The day before Chinese New Year's Eve, I went to the market to buy 200 jiaozi pi (wrappings for dumplings). I can make very nice jiaozi but I'm not good at making the little dough circles.
At 3 pm on Saturday, they were sold out but the vendor promised he would have some the next day, at 8 am. The next morning, when I arrived at the market, 15 people were already lining up but the vendor had not arrived.
Forty minutes later, a woman turned up with a bag of jiaozi pi in her hand. I asked her where she had bought them. And she replied: "At the maker's house." Immediately, people gathered around her asking "Where?"
"I will show you," she said and kindly led us to a hutong 200 m away. The jiaozi maker was covered with flour; he had been so busy since dawn that he was unable to leave for the market.
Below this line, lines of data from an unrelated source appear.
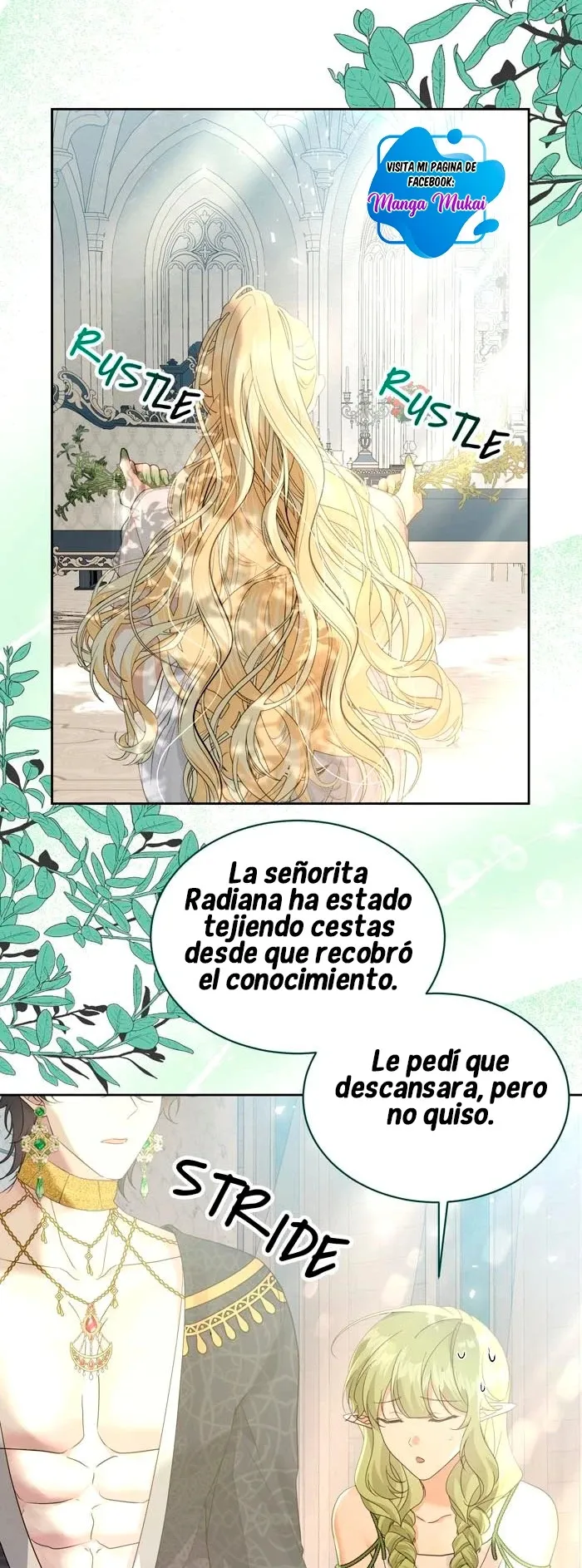 Increíblemente radiante Capítulo 10 en Línea - página 8
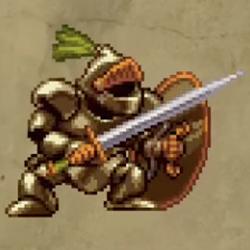 ドラクエ1リメイクのカンダタこぶん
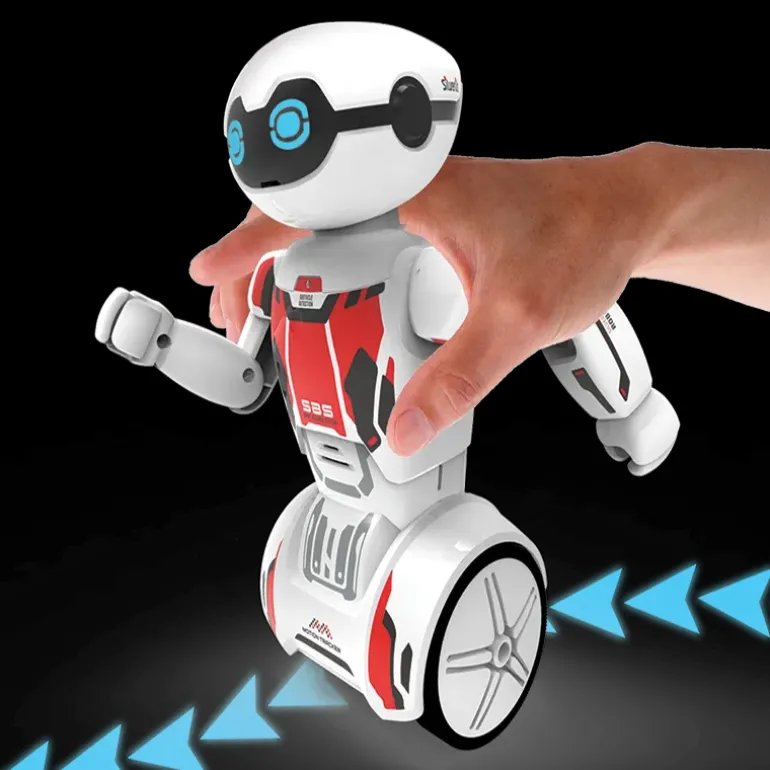 Silverlit Macrobot - Rød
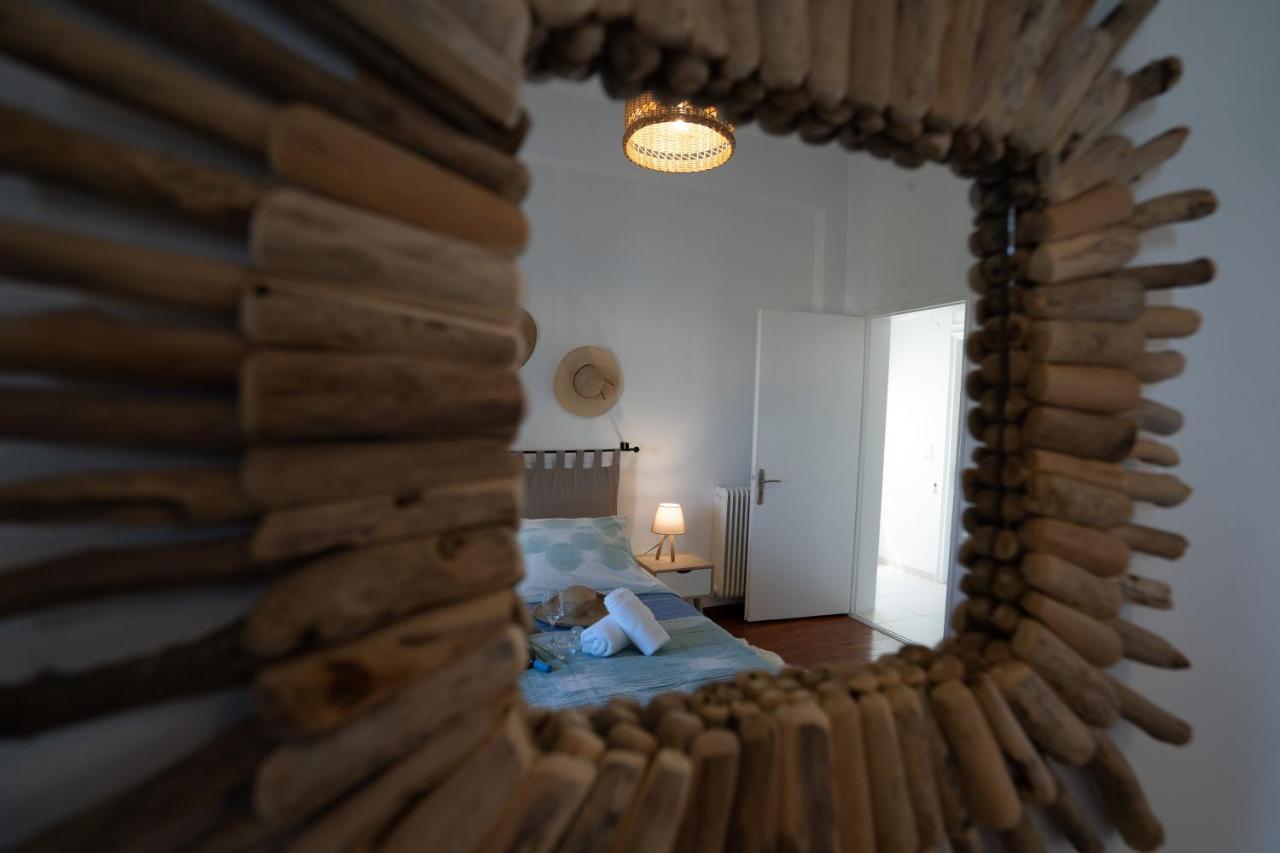 فيلا Iviskos House أبولونيا المظهر الخارجي الصورة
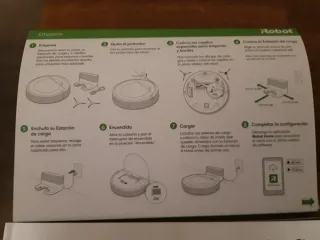 iRobot Roomba Combo Robot aspirador y friegasuelos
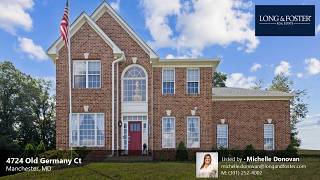 Sale: 4 Beds - 2 Baths - 2862 sq ft - Manchester - MD [$850,000] MLS #: MDCR2036154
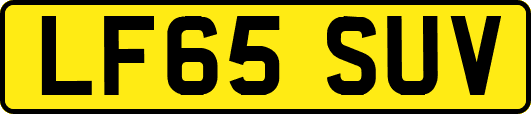 LF65SUV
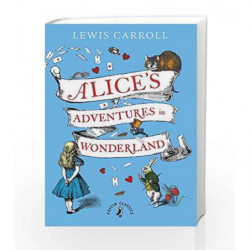 Alice's Adventures in Wonderland book -9780141361345 front cover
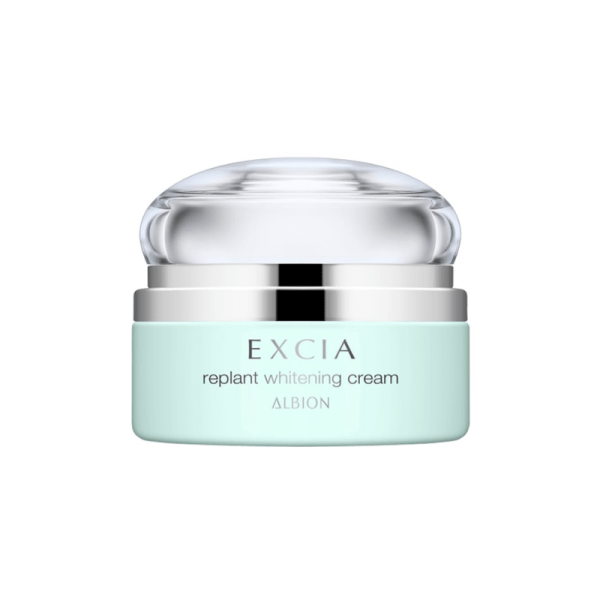 ALBION Excia Replant Whitening Cream 30g
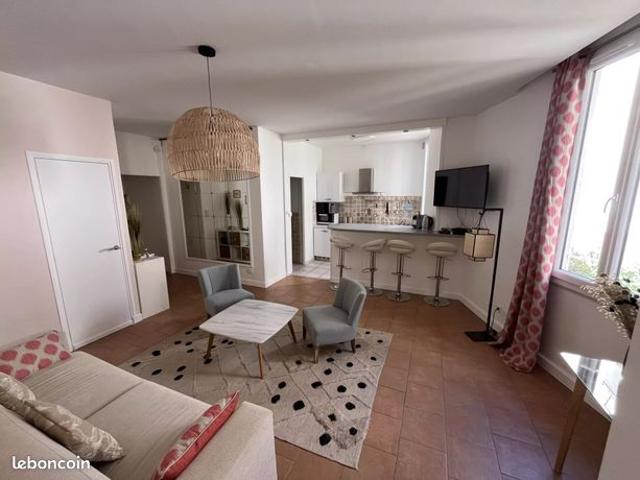 Appartement 2 pièces 47 m²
He told us not to worry, that there would be enough for all of us.
After buying mine, I realized that other people could very likely be waiting at his counter in the market. So I went to tell them he would not come, and I accompanied them to his place.
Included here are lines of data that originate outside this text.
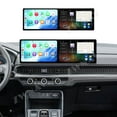 thumbnail image 2 of ZWNAV Dual 10.1 inch Screen Car Radio for Honda CRV 2023 Android 15 Multimedia Player GPS Navigation Auto DSP Stereo Host, 2 of 10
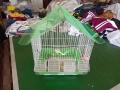 Клетка за папагали и легло за котки и други животни , снимка 1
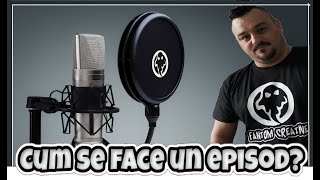 Cum Se Face Un Episod Din Serialele Fantom Creative Making Of - Behind The Scenes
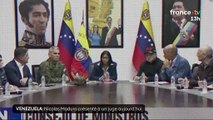 Nicolas Maduro et son épouse comparaissent aujourd'hui devant un tribunal de New York, deux jours après avoir été enlevés à Caracas lors d’une opération militaire américaine - VIDEO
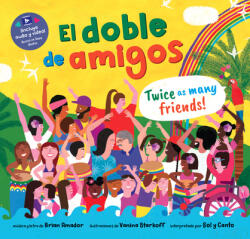 El Doble de Amigos (ISBN: 9798888591109)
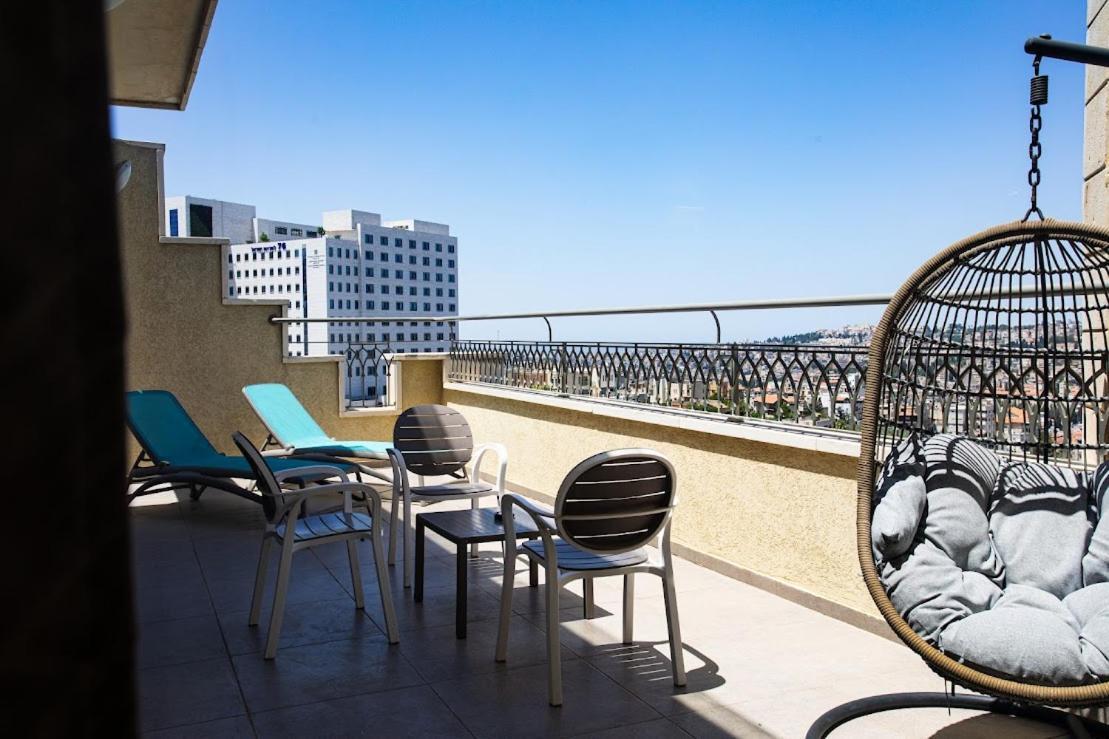 Ramada Olivie Nazareth Hotel Buitenkant foto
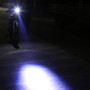 XANES ZL01 800LM T6 Bicycle Light Three Modes Zoomable Night Riding USB Rechargeable Waterproof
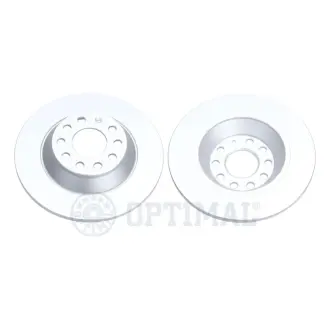 Гальмівний диск OPTIMAL BS7542C Ауди А6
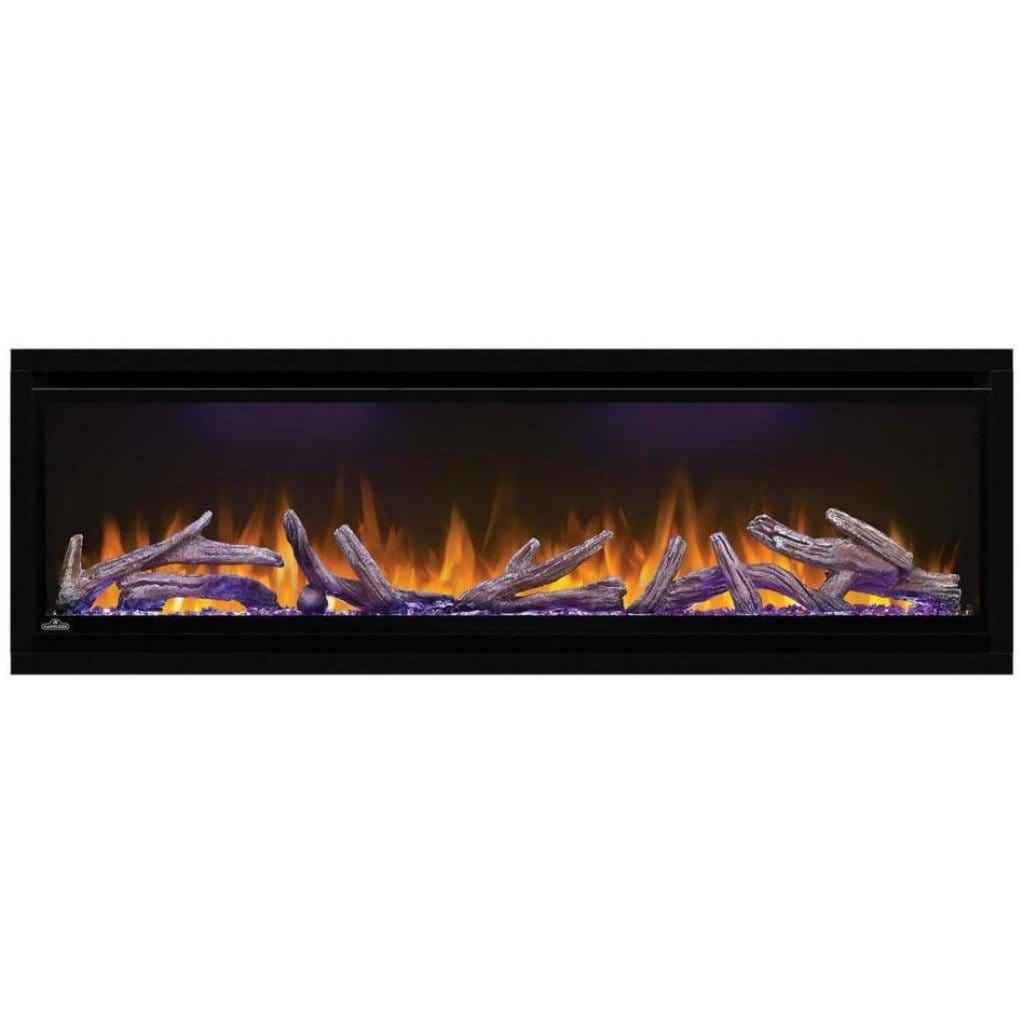 Napoleon Alluravision 50" Deep Wall Mount Electric Fireplace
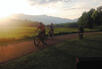 Stowe Bike Path, Stoweflake Mountain Resort and Spa, East Coast, USA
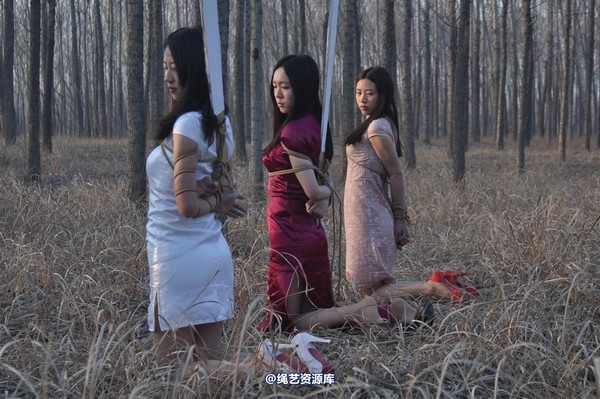 mj影视 - 三大模特争秀3 第 313 张图片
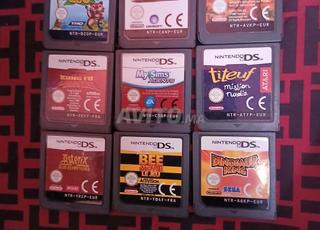 ألعاب نينتندو دي إس بعناوين جيدة
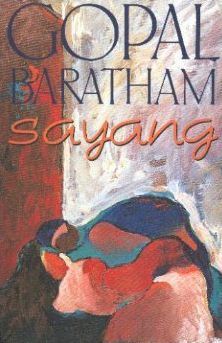 Book cover of Sayang by Gopal Baratham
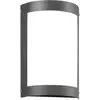 Außenwandlampe Aqua Marco ohne Raster, anthrazit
How is it that after living for more than five years in my Shunyi compound, surrounded by rural areas, villages, and fields - the real countryside, in fact - I had never visited these hutongs?
On Chu Wu, the fifth day of the lunar New Year, people ate jiaozi again and filled the sky with fireworks and the sound of firecrackers. I realized that most of them were released from the countryside.
The next day, the weather was wonderful and inviting for a walk. Though most people in and around our compound know me, those in the village were suspicious of a foreigner strolling in their hutong.
But I addressed them in Chinese, wishing them a happy niu year, and they immediately relaxed and smiled.
Six children were playing "war" with tree branches; an old man was smoking a long iron pipe; a woman sitting in the sun was exercising her hands with two jade balls. Two tawny dogs were sleeping in the same position on a pile of firecracker refuse, while others were sniffing the garbage in search of something good. At one time, I could hear a celestial orchestra of pigeons with whistles fixed to their bodies - a time-honored tradition in Beijing. Over the roofs, water tanks were basking in the solar energy.
But what impressed me more was that half of these doors were wide open, and I discovered that behind them were siheyuan - the typical houses around a square courtyard.
Several of them were newly built. There were also two-story houses with lots of windows. I found the courtyards larger than those in downtown Beijing (or were they only less cluttered?).
In one of the courtyards, a middle-aged man was brushing a coat in a basin of hot water. Everywhere clothes and bedding had been hung to dry in the sun. This reminded me of Italy where big pottery jars and pots containing pickled vegetables, reserves of garlic braids, bunches of red pepper, and even dry corn cobs could be found hanging everywhere.
One thing remains a mystery: In front of almost every house, rows and rows of new bricks waited to be used. Will all these people develop their properties simultaneously? I didn't dare ask.